[Scraped caption text data]
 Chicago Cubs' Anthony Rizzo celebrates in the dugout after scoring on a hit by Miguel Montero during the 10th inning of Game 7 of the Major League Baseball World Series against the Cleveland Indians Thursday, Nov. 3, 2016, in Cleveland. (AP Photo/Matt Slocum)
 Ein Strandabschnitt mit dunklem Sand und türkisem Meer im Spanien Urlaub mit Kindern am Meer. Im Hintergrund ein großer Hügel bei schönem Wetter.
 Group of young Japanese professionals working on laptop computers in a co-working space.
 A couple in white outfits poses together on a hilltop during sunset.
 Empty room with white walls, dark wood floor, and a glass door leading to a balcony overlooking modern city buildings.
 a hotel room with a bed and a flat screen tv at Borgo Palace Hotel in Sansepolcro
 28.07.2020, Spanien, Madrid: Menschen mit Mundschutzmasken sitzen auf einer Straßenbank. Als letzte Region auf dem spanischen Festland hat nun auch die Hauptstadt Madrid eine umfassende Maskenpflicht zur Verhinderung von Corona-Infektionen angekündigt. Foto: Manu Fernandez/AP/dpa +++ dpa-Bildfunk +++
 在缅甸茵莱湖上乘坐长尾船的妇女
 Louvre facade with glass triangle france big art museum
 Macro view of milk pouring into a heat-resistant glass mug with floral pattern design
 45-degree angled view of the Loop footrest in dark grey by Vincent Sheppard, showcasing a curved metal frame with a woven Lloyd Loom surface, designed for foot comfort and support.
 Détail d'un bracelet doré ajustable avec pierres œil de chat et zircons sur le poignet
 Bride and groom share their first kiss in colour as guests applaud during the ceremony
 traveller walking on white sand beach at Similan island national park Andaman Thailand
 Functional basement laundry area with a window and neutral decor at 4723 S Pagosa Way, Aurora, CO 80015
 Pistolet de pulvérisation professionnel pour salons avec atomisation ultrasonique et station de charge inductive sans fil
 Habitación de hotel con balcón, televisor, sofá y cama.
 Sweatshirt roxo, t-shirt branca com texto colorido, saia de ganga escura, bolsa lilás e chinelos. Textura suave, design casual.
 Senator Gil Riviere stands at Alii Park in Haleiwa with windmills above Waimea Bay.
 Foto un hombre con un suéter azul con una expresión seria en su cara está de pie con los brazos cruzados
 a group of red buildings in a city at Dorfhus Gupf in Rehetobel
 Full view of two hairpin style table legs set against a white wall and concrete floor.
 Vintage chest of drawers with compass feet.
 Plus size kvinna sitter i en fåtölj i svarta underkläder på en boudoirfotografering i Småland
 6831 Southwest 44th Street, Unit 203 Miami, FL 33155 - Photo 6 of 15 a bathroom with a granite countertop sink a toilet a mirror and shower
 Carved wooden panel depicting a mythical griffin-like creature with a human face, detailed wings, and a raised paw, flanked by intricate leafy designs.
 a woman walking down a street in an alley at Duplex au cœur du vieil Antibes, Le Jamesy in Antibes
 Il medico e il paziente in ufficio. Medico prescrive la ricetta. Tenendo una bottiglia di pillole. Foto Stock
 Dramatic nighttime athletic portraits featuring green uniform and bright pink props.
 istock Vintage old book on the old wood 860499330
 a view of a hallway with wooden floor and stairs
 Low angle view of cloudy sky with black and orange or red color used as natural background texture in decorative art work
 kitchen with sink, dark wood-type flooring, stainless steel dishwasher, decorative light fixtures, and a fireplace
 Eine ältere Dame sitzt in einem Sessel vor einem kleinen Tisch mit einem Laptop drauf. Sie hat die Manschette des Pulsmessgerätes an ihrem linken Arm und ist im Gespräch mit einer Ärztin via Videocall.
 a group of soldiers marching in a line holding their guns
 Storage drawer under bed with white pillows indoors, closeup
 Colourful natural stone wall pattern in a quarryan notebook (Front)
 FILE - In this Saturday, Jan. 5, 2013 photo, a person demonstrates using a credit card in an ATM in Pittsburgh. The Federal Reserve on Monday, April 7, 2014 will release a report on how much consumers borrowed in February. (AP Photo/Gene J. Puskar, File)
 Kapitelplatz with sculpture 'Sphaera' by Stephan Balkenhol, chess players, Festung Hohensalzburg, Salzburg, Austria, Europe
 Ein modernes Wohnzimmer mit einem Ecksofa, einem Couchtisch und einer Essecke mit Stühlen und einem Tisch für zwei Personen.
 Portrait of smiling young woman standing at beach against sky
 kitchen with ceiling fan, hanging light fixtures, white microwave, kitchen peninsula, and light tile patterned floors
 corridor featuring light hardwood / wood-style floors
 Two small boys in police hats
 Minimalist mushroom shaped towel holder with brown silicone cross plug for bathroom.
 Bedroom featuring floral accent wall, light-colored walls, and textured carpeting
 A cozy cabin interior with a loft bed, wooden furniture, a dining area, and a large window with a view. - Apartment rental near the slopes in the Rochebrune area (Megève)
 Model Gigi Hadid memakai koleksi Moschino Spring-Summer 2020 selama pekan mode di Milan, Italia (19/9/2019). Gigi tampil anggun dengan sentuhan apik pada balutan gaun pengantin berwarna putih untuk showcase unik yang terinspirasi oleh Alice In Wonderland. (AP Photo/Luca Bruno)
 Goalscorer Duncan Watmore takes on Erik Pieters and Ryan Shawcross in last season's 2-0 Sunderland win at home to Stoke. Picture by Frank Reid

Problem details
Please reproduce the lines from the line with "kitchen with sink, dark" to the line with "Portrait of smiling", both ends included, exactly as they appear above.

Answer to this exercise
 kitchen with sink, dark wood-type flooring, stainless steel dishwasher, decorative light fixtures, and a fireplace
 Eine ältere Dame sitzt in einem Sessel vor einem kleinen Tisch mit einem Laptop drauf. Sie hat die Manschette des Pulsmessgerätes an ihrem linken Arm und ist im Gespräch mit einer Ärztin via Videocall.
 a group of soldiers marching in a line holding their guns
 Storage drawer under bed with white pillows indoors, closeup
 Colourful natural stone wall pattern in a quarryan notebook (Front)
 FILE - In this Saturday, Jan. 5, 2013 photo, a person demonstrates using a credit card in an ATM in Pittsburgh. The Federal Reserve on Monday, April 7, 2014 will release a report on how much consumers borrowed in February. (AP Photo/Gene J. Puskar, File)
 Kapitelplatz with sculpture 'Sphaera' by Stephan Balkenhol, chess players, Festung Hohensalzburg, Salzburg, Austria, Europe
 Ein modernes Wohnzimmer mit einem Ecksofa, einem Couchtisch und einer Essecke mit Stühlen und einem Tisch für zwei Personen.
 Portrait of smiling young woman standing at beach against sky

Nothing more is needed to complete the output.